** Opening Task material block **
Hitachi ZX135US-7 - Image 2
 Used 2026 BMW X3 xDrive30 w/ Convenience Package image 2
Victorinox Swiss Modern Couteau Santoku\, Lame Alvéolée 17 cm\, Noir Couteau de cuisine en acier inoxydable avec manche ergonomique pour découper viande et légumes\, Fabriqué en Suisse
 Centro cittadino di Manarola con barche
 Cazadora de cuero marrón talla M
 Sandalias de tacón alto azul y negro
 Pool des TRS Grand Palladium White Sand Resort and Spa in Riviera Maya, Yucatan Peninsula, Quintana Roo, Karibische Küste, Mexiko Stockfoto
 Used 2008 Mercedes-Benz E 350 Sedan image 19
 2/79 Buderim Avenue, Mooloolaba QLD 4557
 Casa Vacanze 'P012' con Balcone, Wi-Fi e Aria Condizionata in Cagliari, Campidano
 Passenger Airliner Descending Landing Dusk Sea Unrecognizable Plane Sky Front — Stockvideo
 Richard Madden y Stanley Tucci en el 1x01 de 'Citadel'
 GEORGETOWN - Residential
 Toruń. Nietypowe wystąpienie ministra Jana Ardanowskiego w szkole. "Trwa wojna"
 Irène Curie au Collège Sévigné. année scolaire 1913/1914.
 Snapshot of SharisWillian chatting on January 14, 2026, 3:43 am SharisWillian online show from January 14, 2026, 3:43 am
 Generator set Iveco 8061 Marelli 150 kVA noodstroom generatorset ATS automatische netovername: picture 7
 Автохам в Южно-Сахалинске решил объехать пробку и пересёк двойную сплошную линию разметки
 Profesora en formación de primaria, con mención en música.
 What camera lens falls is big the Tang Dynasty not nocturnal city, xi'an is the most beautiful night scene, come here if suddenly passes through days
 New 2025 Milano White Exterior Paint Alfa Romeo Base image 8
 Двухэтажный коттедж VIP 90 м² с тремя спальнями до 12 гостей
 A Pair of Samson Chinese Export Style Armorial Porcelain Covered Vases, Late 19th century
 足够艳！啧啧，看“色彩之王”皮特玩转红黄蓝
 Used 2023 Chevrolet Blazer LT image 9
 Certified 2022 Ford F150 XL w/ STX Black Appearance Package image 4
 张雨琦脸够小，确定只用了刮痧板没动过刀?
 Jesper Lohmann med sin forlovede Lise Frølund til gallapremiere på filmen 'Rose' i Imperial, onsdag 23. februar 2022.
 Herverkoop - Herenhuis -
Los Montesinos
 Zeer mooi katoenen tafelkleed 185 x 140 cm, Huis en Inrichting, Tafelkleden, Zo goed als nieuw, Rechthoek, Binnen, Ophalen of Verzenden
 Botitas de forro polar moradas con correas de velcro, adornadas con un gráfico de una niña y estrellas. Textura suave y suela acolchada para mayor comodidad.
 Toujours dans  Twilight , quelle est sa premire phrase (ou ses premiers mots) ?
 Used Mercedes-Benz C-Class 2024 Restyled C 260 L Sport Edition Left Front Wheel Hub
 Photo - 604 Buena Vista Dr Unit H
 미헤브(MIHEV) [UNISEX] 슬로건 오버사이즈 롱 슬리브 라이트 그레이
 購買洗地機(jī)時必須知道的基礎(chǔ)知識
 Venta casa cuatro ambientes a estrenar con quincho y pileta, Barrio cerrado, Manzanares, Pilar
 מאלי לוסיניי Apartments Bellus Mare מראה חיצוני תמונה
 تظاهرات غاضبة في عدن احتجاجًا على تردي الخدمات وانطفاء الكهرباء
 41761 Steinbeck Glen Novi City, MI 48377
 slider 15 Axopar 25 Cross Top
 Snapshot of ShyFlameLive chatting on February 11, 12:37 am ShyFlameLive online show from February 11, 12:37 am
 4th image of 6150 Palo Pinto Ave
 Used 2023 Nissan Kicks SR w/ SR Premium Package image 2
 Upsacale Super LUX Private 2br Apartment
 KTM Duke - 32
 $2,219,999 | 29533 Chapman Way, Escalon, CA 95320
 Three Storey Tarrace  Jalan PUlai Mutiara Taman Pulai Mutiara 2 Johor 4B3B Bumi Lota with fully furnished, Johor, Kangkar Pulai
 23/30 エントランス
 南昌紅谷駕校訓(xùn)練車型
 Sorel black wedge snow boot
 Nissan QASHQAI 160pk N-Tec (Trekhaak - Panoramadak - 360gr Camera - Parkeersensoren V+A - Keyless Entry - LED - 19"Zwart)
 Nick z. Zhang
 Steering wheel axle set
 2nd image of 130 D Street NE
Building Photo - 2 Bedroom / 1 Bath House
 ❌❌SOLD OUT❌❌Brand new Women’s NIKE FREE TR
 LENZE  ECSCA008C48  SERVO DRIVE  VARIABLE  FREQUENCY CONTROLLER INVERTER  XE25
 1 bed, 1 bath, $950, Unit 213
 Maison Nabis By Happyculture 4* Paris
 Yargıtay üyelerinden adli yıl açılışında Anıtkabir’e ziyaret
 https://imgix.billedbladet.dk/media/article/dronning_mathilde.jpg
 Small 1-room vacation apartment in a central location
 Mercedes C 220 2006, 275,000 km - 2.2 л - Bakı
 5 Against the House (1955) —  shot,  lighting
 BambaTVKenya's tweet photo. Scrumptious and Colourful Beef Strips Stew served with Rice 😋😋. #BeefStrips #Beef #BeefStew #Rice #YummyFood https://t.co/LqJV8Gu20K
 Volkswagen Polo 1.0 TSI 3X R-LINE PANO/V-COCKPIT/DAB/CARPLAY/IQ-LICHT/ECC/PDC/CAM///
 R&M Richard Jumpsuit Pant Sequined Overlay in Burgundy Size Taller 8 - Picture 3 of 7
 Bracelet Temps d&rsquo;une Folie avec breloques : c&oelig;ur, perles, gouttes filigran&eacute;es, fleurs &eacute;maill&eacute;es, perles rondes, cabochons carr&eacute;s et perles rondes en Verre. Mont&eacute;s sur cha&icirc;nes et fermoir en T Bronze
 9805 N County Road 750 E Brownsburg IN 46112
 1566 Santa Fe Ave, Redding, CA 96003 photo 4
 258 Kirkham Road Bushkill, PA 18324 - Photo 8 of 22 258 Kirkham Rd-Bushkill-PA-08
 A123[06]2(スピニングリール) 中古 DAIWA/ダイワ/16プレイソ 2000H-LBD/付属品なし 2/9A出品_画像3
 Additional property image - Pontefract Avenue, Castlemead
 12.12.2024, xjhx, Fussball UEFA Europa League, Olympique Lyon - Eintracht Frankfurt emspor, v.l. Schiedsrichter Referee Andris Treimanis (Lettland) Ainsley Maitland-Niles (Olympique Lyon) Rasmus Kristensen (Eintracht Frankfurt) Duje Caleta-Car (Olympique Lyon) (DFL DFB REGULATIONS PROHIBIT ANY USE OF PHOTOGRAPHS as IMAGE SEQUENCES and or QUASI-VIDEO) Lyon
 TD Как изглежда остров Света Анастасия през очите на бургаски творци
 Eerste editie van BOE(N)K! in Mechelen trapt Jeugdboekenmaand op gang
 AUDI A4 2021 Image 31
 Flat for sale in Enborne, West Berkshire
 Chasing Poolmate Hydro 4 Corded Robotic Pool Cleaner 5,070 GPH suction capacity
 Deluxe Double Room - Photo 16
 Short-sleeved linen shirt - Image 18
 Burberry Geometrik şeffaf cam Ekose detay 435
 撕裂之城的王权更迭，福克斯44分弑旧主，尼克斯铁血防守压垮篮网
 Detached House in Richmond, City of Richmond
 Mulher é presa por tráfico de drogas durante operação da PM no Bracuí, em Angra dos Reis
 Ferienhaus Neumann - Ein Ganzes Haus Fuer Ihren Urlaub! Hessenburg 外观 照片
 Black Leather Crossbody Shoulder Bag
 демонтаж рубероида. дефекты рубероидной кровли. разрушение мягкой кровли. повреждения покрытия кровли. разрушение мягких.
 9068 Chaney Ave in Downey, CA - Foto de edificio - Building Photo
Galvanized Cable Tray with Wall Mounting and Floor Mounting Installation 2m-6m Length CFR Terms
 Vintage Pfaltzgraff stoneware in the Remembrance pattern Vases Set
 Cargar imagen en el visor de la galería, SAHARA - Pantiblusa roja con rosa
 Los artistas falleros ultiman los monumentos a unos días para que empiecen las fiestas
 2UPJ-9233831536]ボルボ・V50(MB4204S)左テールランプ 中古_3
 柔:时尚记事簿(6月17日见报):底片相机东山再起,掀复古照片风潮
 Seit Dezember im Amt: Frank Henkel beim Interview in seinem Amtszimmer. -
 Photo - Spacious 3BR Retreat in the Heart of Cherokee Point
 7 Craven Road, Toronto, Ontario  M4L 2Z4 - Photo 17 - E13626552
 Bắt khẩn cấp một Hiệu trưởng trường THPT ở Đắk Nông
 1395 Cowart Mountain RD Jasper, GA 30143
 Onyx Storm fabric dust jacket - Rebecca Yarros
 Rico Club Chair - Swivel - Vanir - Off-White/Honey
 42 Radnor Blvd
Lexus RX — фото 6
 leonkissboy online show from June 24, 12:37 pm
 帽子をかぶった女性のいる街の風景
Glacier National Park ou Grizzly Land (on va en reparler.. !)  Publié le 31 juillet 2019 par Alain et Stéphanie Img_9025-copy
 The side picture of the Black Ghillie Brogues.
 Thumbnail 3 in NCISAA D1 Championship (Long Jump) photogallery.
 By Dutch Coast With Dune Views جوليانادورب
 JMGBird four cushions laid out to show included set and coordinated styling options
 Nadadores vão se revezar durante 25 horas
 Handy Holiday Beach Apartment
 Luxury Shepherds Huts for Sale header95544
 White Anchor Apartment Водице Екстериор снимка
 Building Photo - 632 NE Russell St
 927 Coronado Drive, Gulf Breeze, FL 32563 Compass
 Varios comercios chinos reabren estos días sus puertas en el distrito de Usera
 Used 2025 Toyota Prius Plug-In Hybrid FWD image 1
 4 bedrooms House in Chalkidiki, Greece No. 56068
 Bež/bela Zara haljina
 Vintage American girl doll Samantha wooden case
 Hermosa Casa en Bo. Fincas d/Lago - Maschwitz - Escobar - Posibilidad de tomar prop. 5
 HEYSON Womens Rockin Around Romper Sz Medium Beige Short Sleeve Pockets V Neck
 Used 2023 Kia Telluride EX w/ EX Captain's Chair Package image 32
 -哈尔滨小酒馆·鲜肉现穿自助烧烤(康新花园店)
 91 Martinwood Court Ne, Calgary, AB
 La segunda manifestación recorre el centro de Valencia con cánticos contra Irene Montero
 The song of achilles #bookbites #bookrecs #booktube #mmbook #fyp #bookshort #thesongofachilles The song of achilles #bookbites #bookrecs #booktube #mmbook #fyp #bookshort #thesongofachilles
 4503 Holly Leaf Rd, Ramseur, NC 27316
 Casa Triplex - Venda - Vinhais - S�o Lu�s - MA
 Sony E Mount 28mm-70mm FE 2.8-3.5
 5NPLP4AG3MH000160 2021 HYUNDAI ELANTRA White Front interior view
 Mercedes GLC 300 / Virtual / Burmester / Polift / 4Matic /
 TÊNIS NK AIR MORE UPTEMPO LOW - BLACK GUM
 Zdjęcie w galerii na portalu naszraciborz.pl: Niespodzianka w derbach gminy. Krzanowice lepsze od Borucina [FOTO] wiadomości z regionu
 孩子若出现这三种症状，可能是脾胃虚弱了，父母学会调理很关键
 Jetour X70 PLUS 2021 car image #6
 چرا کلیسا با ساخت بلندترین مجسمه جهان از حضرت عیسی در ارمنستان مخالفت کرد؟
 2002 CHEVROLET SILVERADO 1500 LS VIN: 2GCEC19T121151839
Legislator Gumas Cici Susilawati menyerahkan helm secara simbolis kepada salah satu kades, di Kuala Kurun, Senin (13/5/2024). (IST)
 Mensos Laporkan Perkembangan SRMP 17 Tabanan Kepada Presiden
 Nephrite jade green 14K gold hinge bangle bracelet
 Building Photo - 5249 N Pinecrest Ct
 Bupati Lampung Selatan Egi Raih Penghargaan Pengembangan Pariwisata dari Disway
** Closing Task material block **
What you have to do: Look above for the line with "Varios comercios chinos" and the line with "#bookshort #thesongofachilles The", and reproduce exactly those two lines plus every line between, nothing more.

Result of this task:
 Varios comercios chinos reabren estos días sus puertas en el distrito de Usera
 Used 2025 Toyota Prius Plug-In Hybrid FWD image 1
 4 bedrooms House in Chalkidiki, Greece No. 56068
 Bež/bela Zara haljina
 Vintage American girl doll Samantha wooden case
 Hermosa Casa en Bo. Fincas d/Lago - Maschwitz - Escobar - Posibilidad de tomar prop. 5
 HEYSON Womens Rockin Around Romper Sz Medium Beige Short Sleeve Pockets V Neck
 Used 2023 Kia Telluride EX w/ EX Captain's Chair Package image 32
 -哈尔滨小酒馆·鲜肉现穿自助烧烤(康新花园店)
 91 Martinwood Court Ne, Calgary, AB
 La segunda manifestación recorre el centro de Valencia con cánticos contra Irene Montero
 The song of achilles #bookbites #bookrecs #booktube #mmbook #fyp #bookshort #thesongofachilles The song of achilles #bookbites #bookrecs #booktube #mmbook #fyp #bookshort #thesongofachilles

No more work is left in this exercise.